This photo, taken in January of 2017, shows ice discs on the Gananoque River in Ontario, Canada. It was a frigid winter day, and these ice discs had formed in the lee of the current immediately downstream of a dam and waterfall in the river. The ice discs swirled in the current, bumping against each other as new discs formed, likely calving off the patchy ice near the shore. It was a remarkable thing to see on a very chilly walk overtown from my mother’s house.

Ice discs are reportedly an uncommon phenomenon and are the result of rotational shear influencing the formation and shape of ice in cold climate rivers. Some ice discs grow very large, measuring tens of metres in diameter. The discs I photographed in the Gananoque River on that frigid January day were much smaller, averaging about 10 inches (25 cm) across.

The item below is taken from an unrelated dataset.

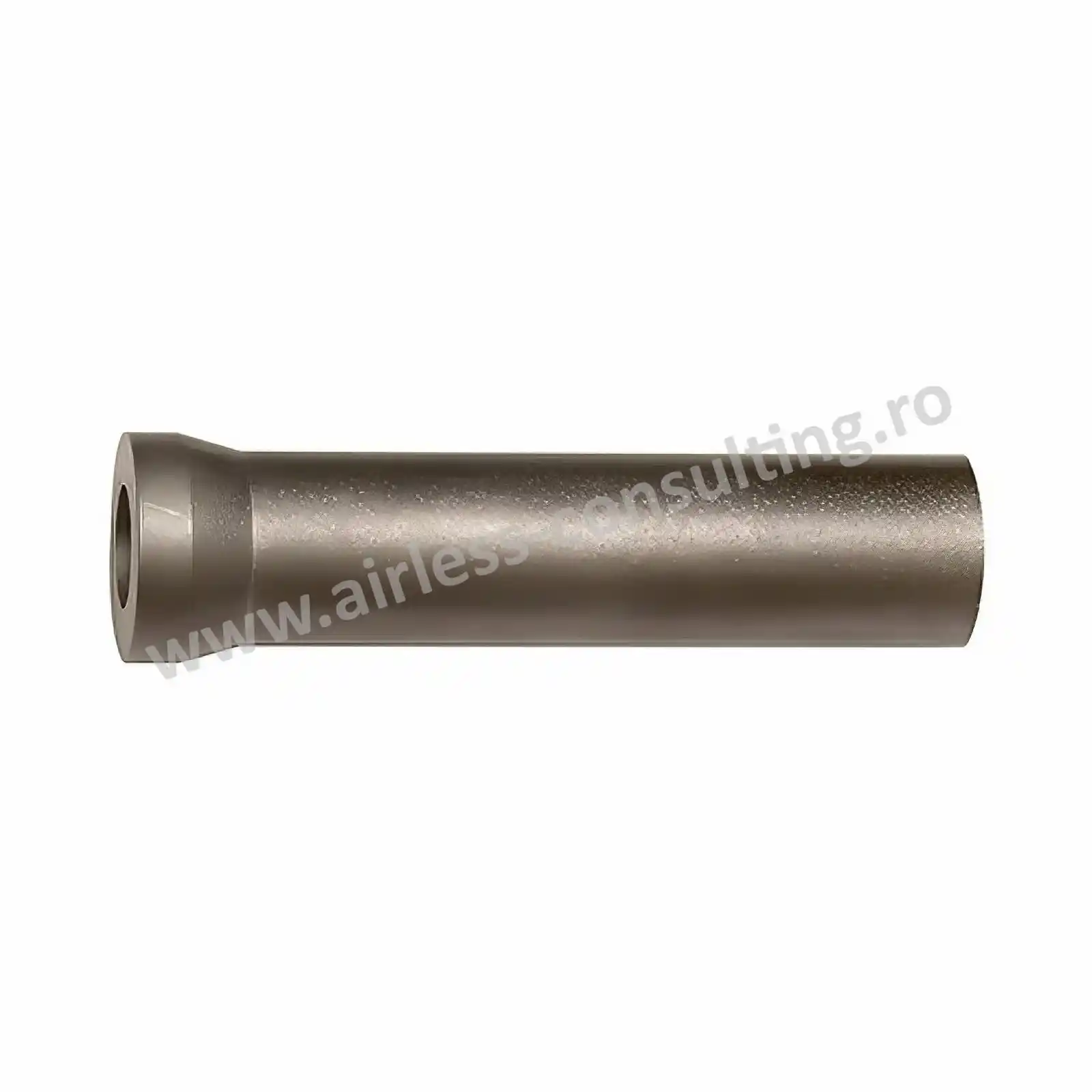 Utilaje profesionale constructii - Duza din wolfram, Euromair, Venturi, pentru sablatorul SANDBLASTPRO, cu diametrul de 5 mm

It turns out I am not the only person who has noticed ice discs forming on the Gananoque River: these wonderful images of ice disks were taken by photographer Deb Keogh in January of 2025, also on ‘the Crick’ below the dam. Conditions on the Crick that likely lend themselves to the formation of ice disks include the turbidity of water flowing over the dam; the lee in the current immediately downstream; and the shallow basin of this stretch of the Crick—all intersecting with a cold snap. It also seems possible that clear conditions—such as those producing a differential between the temperature of the air and water—may also contribute to the formation of ice discs

Fun fact: A parallel phenomenon is possible, although exceedingly uncommon, in warm climates. El Ojo, or ‘The Eye’ is a floating island composed of organic matter that swirls on its axis in an Argentinean lake. Its slow rotation and shape are reportedly caused by the same rotational shearing effect as is seen with ice disks.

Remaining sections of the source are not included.